### Data provided:
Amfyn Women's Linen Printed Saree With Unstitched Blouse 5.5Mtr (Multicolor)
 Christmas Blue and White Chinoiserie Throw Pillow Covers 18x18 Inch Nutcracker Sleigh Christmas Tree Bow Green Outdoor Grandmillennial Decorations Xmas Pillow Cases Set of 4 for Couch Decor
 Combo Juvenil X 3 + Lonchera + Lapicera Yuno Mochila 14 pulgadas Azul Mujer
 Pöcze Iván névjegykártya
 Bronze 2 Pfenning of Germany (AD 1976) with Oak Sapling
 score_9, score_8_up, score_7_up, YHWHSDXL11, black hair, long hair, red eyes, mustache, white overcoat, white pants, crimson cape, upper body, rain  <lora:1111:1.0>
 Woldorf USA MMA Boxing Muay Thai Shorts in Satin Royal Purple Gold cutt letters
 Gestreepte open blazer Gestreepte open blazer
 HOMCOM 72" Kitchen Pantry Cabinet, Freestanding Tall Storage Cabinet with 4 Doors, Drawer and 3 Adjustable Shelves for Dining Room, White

### Requirement:
Transcribe the material above in full, keeping each word unchanged.

### Output:
Amfyn Women's Linen Printed Saree With Unstitched Blouse 5.5Mtr (Multicolor)
 Christmas Blue and White Chinoiserie Throw Pillow Covers 18x18 Inch Nutcracker Sleigh Christmas Tree Bow Green Outdoor Grandmillennial Decorations Xmas Pillow Cases Set of 4 for Couch Decor
 Combo Juvenil X 3 + Lonchera + Lapicera Yuno Mochila 14 pulgadas Azul Mujer
 Pöcze Iván névjegykártya
 Bronze 2 Pfenning of Germany (AD 1976) with Oak Sapling
 score_9, score_8_up, score_7_up, YHWHSDXL11, black hair, long hair, red eyes, mustache, white overcoat, white pants, crimson cape, upper body, rain  <lora:1111:1.0>
 Woldorf USA MMA Boxing Muay Thai Shorts in Satin Royal Purple Gold cutt letters
 Gestreepte open blazer Gestreepte open blazer
 HOMCOM 72" Kitchen Pantry Cabinet, Freestanding Tall Storage Cabinet with 4 Doors, Drawer and 3 Adjustable Shelves for Dining Room, White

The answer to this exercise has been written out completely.